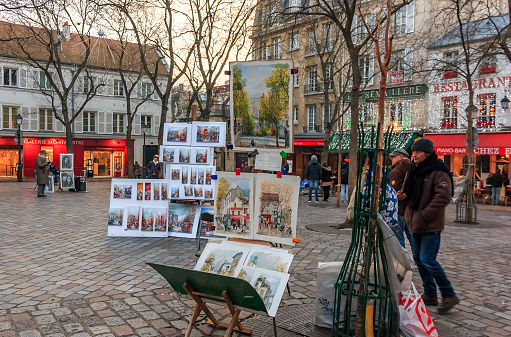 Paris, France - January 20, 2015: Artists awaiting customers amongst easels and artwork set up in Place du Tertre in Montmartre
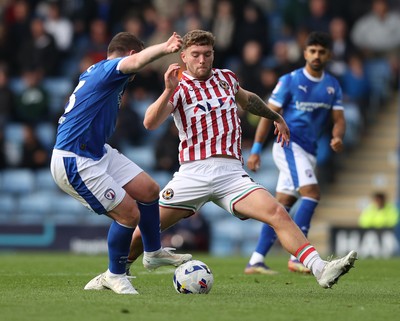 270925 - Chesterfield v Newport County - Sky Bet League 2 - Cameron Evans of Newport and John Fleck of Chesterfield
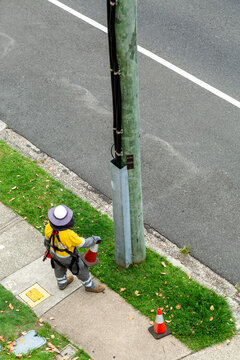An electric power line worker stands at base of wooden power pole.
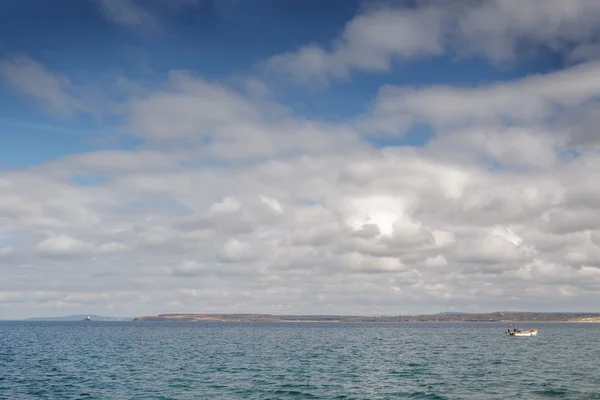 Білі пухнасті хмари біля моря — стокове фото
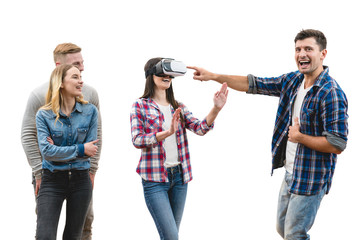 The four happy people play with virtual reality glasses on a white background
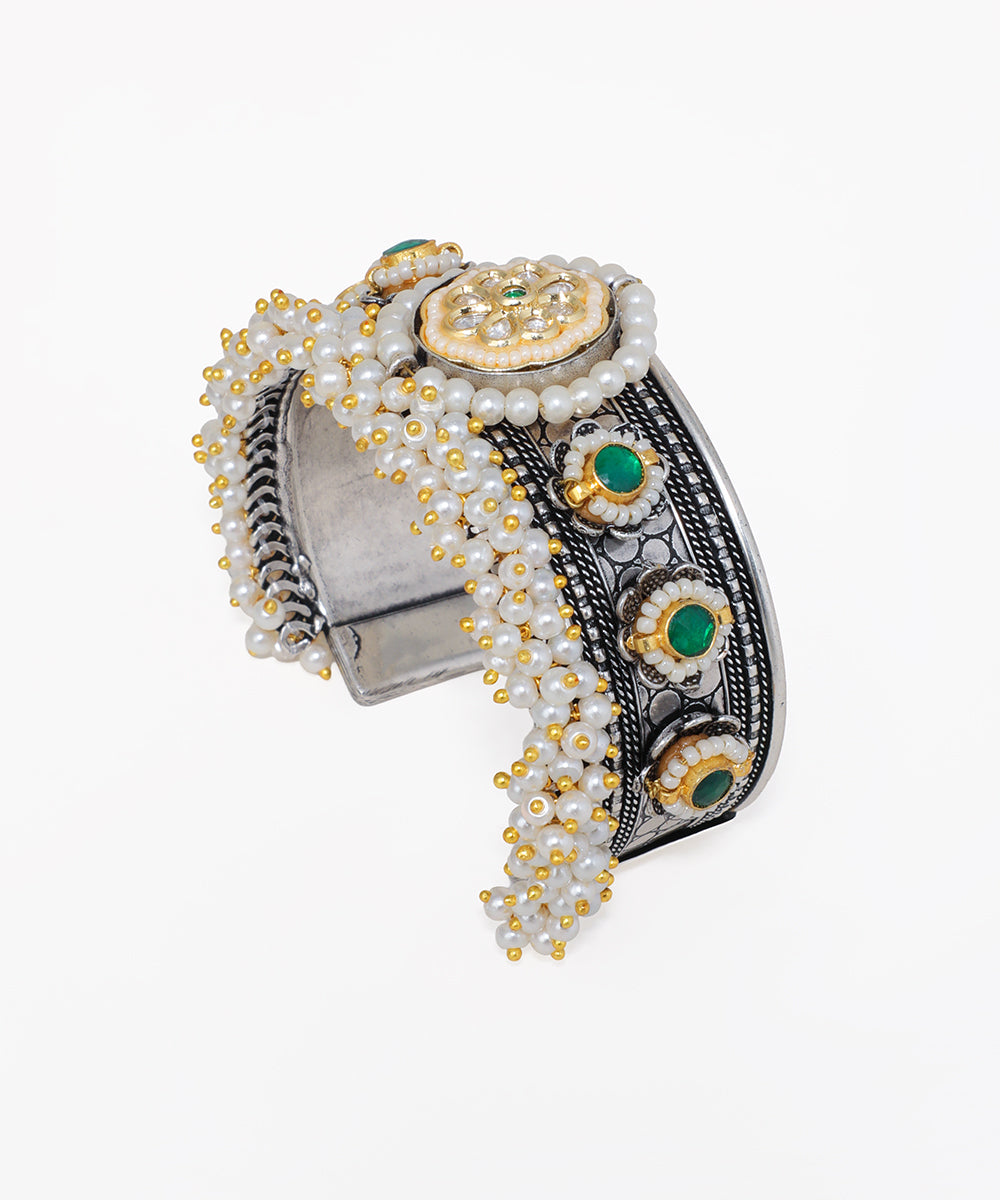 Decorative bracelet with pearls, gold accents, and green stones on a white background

...

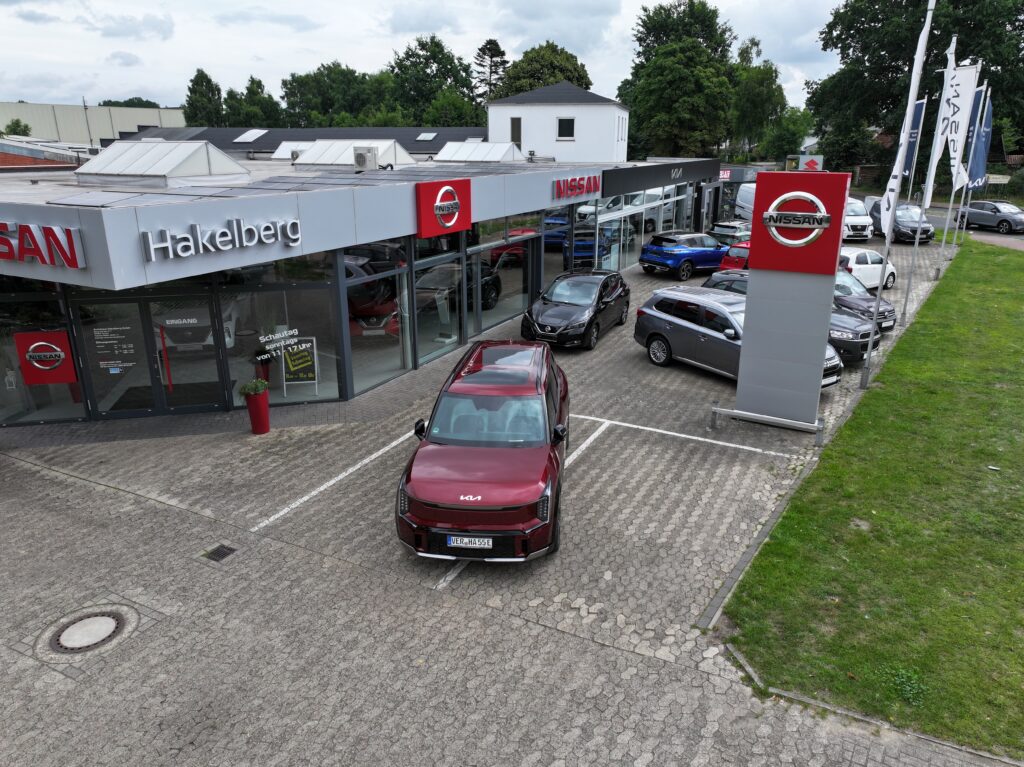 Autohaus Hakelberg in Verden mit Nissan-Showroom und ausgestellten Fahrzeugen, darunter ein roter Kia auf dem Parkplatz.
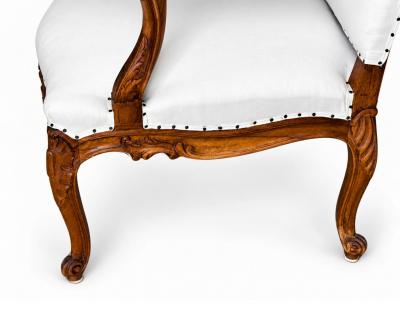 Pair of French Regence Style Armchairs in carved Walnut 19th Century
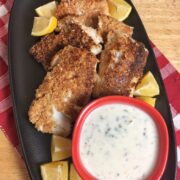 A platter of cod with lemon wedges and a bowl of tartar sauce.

WHAT YOU WILL DO
Using the data above, return the lines from the one holding "270925 - Chesterfield" through the one holding "The four happy" exactly, but not the pictures.

SOLUTION
 270925 - Chesterfield v Newport County - Sky Bet League 2 - Cameron Evans of Newport and John Fleck of Chesterfield
An electric power line worker stands at base of wooden power pole.
 Білі пухнасті хмари біля моря — стокове фото
 The four happy people play with virtual reality glasses on a white background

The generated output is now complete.